Data extracted from a collection

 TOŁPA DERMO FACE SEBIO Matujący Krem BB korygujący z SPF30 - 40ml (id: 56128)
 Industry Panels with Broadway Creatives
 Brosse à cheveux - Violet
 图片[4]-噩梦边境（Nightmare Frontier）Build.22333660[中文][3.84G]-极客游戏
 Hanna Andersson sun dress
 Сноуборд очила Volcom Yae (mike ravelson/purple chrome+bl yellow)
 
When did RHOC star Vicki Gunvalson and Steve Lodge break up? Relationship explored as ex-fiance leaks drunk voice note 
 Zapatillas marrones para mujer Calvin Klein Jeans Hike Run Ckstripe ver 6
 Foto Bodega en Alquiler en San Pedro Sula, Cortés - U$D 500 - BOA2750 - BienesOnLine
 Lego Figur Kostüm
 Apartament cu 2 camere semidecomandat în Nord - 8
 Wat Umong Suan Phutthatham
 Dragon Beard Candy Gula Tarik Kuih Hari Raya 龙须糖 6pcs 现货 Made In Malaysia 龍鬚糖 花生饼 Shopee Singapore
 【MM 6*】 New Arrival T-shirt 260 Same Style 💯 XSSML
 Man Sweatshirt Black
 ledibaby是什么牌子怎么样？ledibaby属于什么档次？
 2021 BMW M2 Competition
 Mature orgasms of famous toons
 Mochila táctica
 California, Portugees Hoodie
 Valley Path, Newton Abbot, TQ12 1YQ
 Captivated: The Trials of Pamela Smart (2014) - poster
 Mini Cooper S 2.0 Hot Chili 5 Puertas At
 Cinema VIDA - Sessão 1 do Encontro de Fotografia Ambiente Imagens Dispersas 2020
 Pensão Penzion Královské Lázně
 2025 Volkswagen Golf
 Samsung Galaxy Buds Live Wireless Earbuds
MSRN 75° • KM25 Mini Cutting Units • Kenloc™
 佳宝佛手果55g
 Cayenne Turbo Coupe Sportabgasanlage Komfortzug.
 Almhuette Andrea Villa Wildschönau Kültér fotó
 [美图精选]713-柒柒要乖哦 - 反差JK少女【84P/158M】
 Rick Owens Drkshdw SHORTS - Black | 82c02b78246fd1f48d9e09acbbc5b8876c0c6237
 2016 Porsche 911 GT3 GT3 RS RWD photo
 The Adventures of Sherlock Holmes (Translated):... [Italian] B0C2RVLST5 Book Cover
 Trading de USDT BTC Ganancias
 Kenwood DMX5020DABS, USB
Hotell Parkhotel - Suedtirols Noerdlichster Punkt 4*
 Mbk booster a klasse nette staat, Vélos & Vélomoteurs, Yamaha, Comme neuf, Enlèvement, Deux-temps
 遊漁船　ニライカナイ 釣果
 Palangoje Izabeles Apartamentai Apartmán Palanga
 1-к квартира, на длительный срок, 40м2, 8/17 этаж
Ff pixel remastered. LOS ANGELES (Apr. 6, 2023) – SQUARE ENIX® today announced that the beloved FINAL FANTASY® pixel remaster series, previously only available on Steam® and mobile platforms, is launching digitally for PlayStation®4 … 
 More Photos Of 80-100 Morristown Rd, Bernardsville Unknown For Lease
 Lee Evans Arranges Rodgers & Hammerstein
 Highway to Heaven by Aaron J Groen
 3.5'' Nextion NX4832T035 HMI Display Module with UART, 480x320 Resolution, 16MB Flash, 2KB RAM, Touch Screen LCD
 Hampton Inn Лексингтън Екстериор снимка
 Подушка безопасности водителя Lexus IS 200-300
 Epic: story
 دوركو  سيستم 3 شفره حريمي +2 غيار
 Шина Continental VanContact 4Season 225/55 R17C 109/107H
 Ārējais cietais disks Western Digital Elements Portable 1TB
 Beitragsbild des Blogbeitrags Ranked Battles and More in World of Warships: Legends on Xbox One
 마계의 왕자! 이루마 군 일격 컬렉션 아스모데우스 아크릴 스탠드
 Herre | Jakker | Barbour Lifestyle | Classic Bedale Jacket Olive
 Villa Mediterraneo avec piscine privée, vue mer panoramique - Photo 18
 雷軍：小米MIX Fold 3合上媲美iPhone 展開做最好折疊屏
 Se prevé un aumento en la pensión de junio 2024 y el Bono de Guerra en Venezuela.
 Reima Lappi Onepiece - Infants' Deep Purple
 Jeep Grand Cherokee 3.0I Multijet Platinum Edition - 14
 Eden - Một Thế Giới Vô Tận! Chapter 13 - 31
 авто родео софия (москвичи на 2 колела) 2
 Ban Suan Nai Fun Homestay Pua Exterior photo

> Assigned task: From the entries above, show each line that includes the string "with".

> Response for this exercise:
 Industry Panels with Broadway Creatives
 3.5'' Nextion NX4832T035 HMI Display Module with UART, 480x320 Resolution, 16MB Flash, 2KB RAM, Touch Screen LCD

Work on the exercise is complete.